Project Summary
The goal of our study is to better understand the pathogenic role of human microglia in Alzheimer’s disease (AD)
in Down syndrome (DS) and develop new therapeutic avenues for the treatment of AD in DS as well as AD in
general population. Our studies are in line with the goals of RFA-OD-20-005 because we will focus on evaluating
the genetic factors associated with trisomy 21 and their impacts on neurodegeneration using human tissue and
a novel human-mouse chimeric brain model and we will also use gene editing to remove triplicated genes. The
foundation of our studies is that recent genome-wide association studies have shown that many AD risk genes
are highly and sometimes exclusively expressed by the brain-resident macrophage, microglia. Recent
transcriptomic studies have also clearly demonstrated that human vs. mouse microglia exhibit distinct gene
expression profiles, and more importantly, they age differently under both normal and diseased conditions. These
findings argue for the utilization of species-specific research tools to investigate microglial functions in human
brain aging and degeneration.

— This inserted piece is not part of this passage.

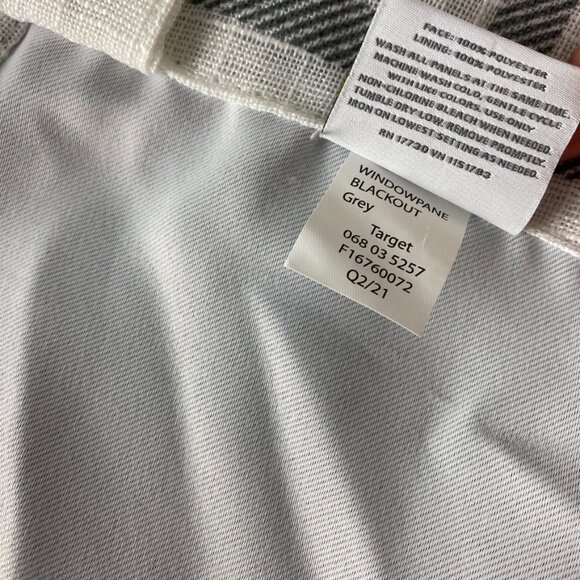 Threshold Blackout Windowpane Curtain Panel 108x50 Gray - 1 Panel - Picture 5 of 9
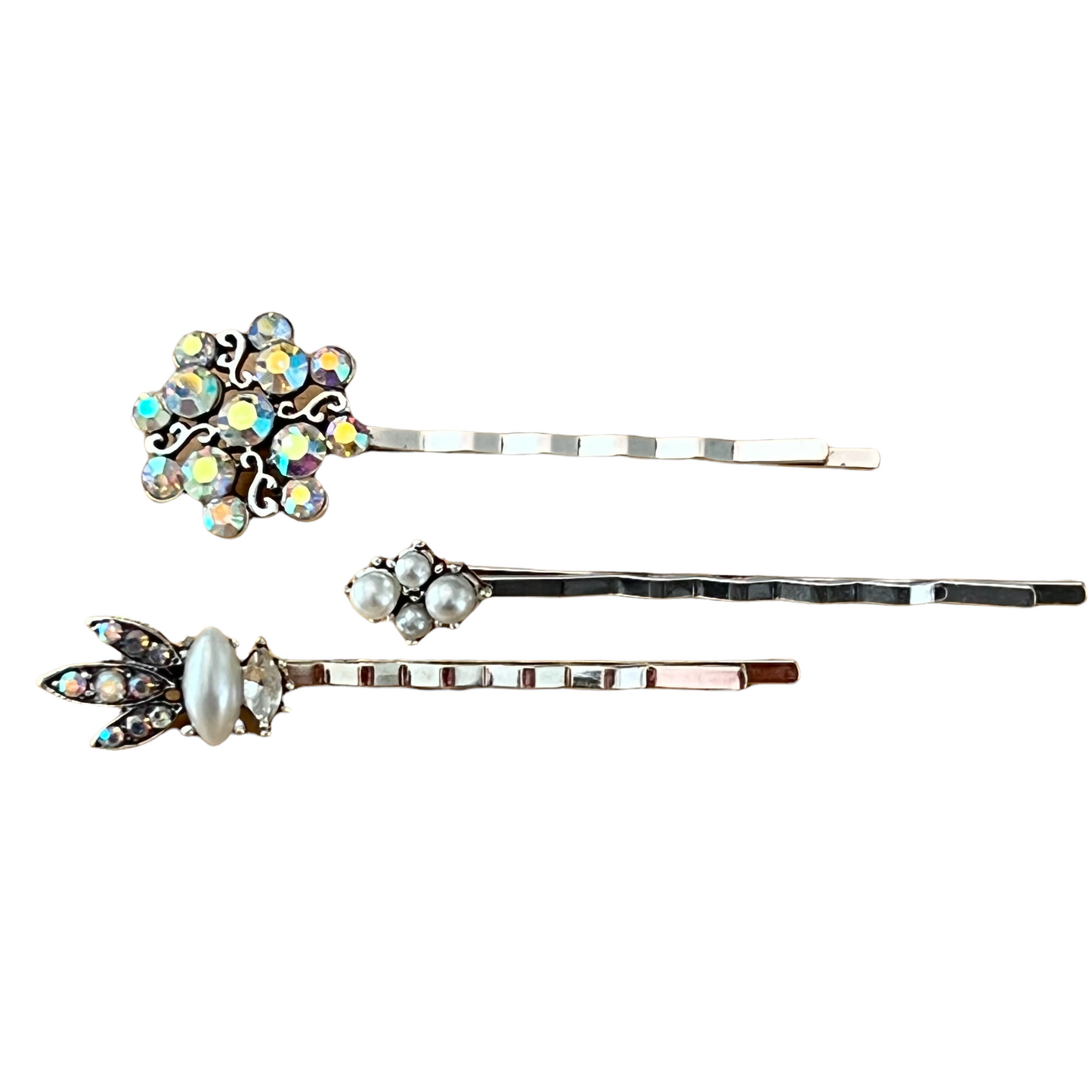 Rhinestone and Pearl Hair Pins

We propose to use a novel human induced pluripotent stem cell (hiPSC)-based
microglial chimeric mouse model that can recapitulate features of adult and aging human microglia to investigate
the role of human microglia in AD in DS. While the aggregation of amyloid-beta (Ab) precedes that of tau, tau
protein pathology commences in humans much sooner than was previously thought. Contrary to the marked
microglial activation reported in amyloidogenic transgenic mouse models, in human brain tissue derived from
AD and DS patients, brain regions particularly relevant in AD development, such as the hippocampal formation,
exhibit low and late Ab pathology, whereas hyperphosphorylated tau (p-tau) accumulates starting in the early
stages of the disease. The preferential accumulation of p-tau over Ab plaques could induce a totally different
microglial response. Here we put forward a new tau/microglial senescence hypothesis that human microglial
senescence and functional changes, induced by soluble p-tau, likely occur prior to neurodegeneration and is
causatively linked to the AD progression and cognitive decline in DS. We have created control and DS microglial
mouse chimeras by engrafting control and DS hiPSC-derived microglia into mouse brains. We will characterize
the dynamic responses of DS and control hiPSC-derived microglia to pathological soluble p-tau in human
microglial chimeric mouse brains, by using newly invented robotic four-dimensional long-term imaging
technology. We will determine the changes in synaptic functions by electrophysiological recordings and
behavioral performance of DS microglial chimeras after exposure to pathological soluble p-tau, as compared to
control microglial chimeras. Moreover, single-cell RNA-sequencing analysis of chimeric mouse brains and
CRISPR/Cas9-mediated removal of triplicated genes will be performed to determine the molecular mechanisms
underlying the pathogenic role of microglia. By understanding the underpinning mechanisms, we can develop
new therapeutic strategies to prevent human microglial senescence to slow the progression of AD in DS.